**Data shown:**
--------

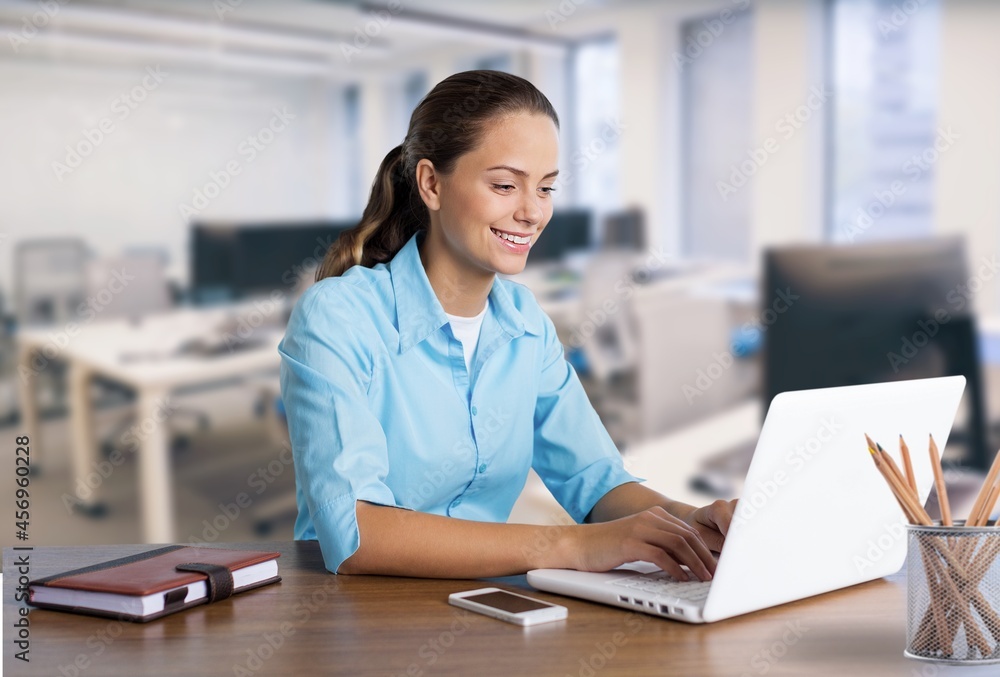 Beautiful businesswoman working with laptop computer at a desk in the office.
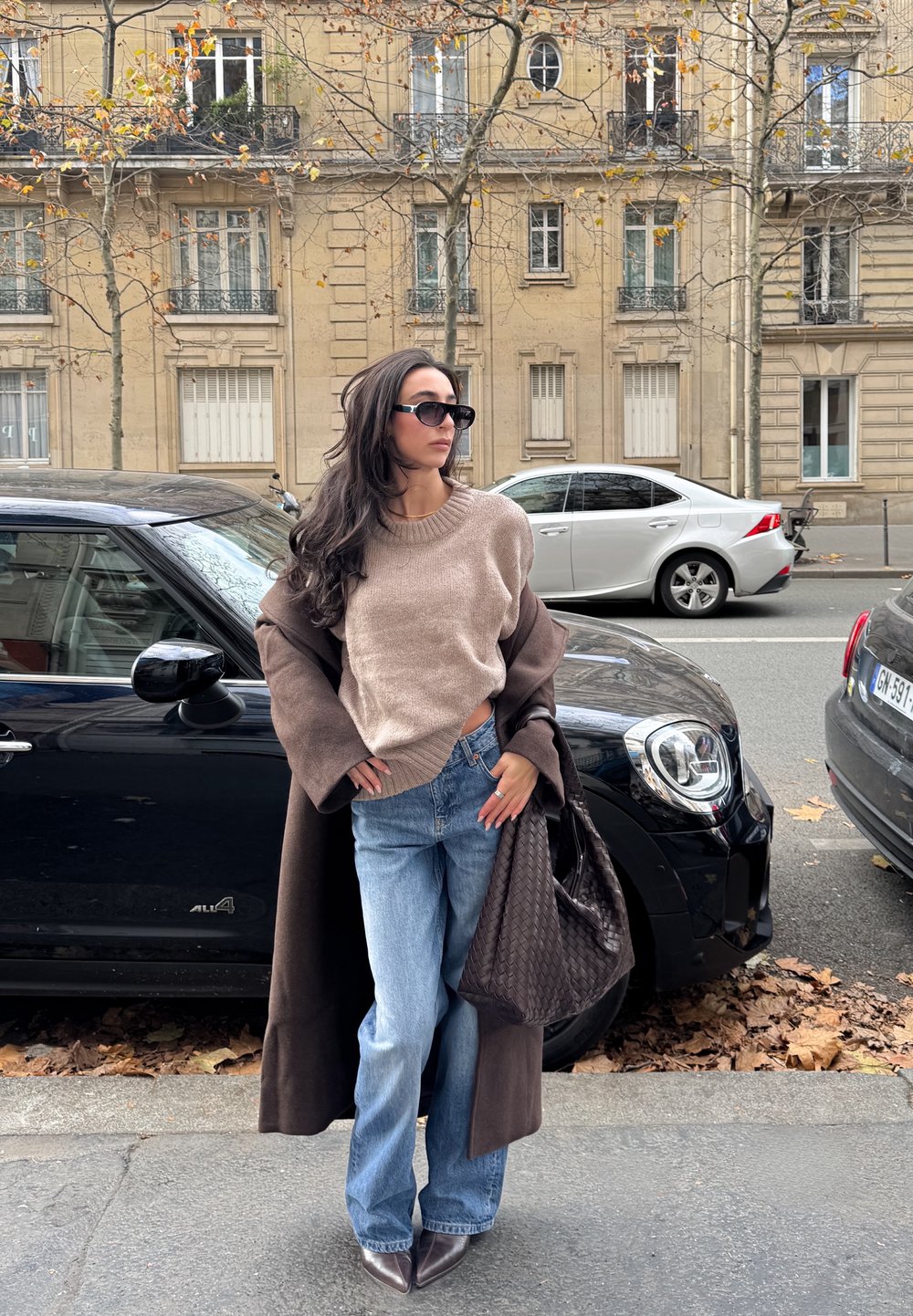 Beež kudumiga kampsun ümarate kaelustega, kombineeritud helesiniste lõhkuvate teksadega. Pruun mantel ja tekstuuriga tume käekott. Mustad päikeseprillid täiendavad välimust.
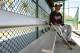 Atlanta Braves catcher Christian Bethancourt sits on a bench during a spring training baseball workout, Tuesday, Feb. 18, 2014, in Kissimmee, Fla. (AP Photo/Alex Brandon)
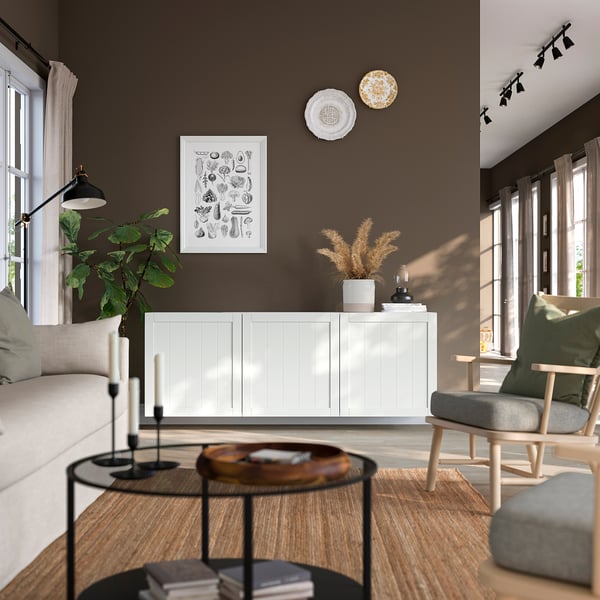 Modern living room with BESTÅ white cabinet, creating airy feel. Its large, housing books & plants, between windows & light fixtures.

--------

**Task prompt:** Everything in the material above should be reproduced exactly, except the pictures.

**Solution to this task:**
 Beautiful businesswoman working with laptop computer at a desk in the office.
 Beež kudumiga kampsun ümarate kaelustega, kombineeritud helesiniste lõhkuvate teksadega. Pruun mantel ja tekstuuriga tume käekott. Mustad päikeseprillid täiendavad välimust.
 Atlanta Braves catcher Christian Bethancourt sits on a bench during a spring training baseball workout, Tuesday, Feb. 18, 2014, in Kissimmee, Fla. (AP Photo/Alex Brandon)
 Modern living room with BESTÅ white cabinet, creating airy feel. Its large, housing books & plants, between windows & light fixtures.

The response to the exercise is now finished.